Sunday, September 16, 2007

Compelling? ...

Tony Pugh at McClatchy Newspapers thinks it's "a compelling argument" against expanding the State Children's Health Insurance Program (SCHIP).
Statisticians boost effort to block children's health-insurance expansion by Tony Pugh

In its effort to stop Congress from expanding a public health-insurance program for low-income children, the Bush administration has hit on a compelling argument: the obscure but inevitable phenomenon known as "crowd out."

"Crowd out" happens when parents drop their children's private health insurance to enroll them in cheaper, taxpayer-funded coverage through the State Children's Health Insurance Program. The Congressional Budget Office estimates that for every 100 kids who enroll in the popular program now, 25 to 50 were previously covered in the private market.

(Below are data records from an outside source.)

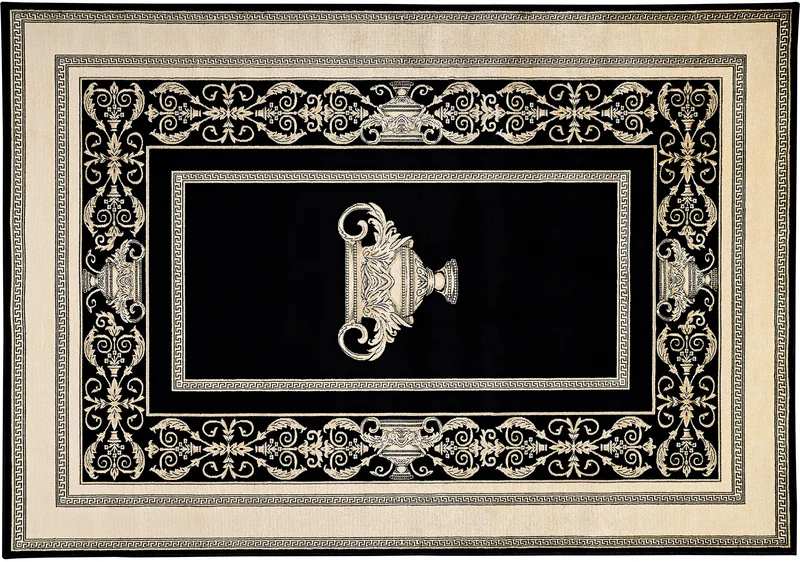 Luxus Designer Teppich Mike Milano in Schwarz Gold mit Amphore Motiv - 100% Viskose hochwertig, rutschfest, allergikerfreundlich, Fußbodenheizung geeignet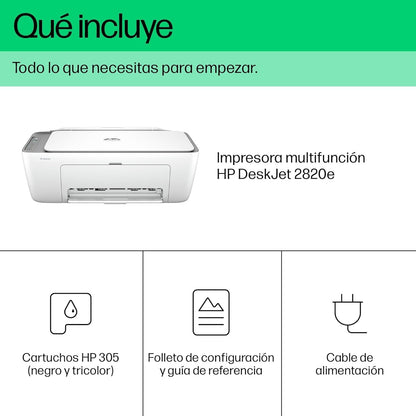 HP DeskJet 2820e 588K9B, Impresora Multifunción de Inyección de Tinta A4 a Color, Impresión a Doble Cara Manual, 7,5 ppm, Wi - Fi, Smart, 6 Meses de Instant Ink Incluidos, Blanca – Material de oficina para oposiciones – Material de estudio – OpoMarket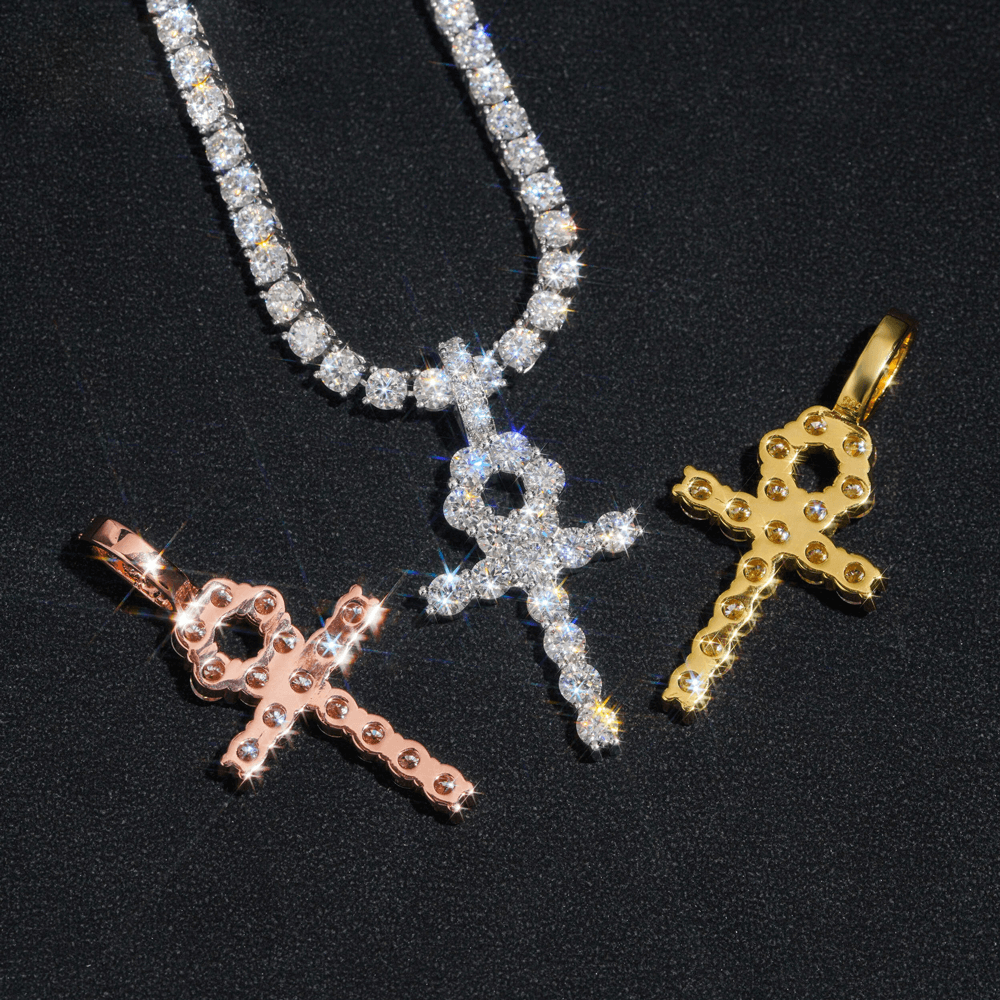 GL VVS Moissanite Ankh Cross Pendant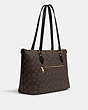 COACH®,GALLERY TOTE IN SIGNATURE CANVAS,pvc,Large,Everyday,Gold/Brown Black,Angle View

Since a number of newly eligible children might already have what we have come to know as crappy health insurance and their parents may give up said policies (reluctantly, I'm sure) for better and cheaper coverage, well you know the rest ... those poor downtrodden powerless corporations may loose another victim to refuse care to.

But Tony Pugh of McClatchy finds the argument compelling ...
Jonathan Gruber, an economics professor at the Massachusetts Institute of Technology, has studied crowd out extensively and likens it to snaring dolphins by mistake in a tuna net.
So the uninsured children are tuna? And those caught up in corporate insurance 'health scams' are dolphins?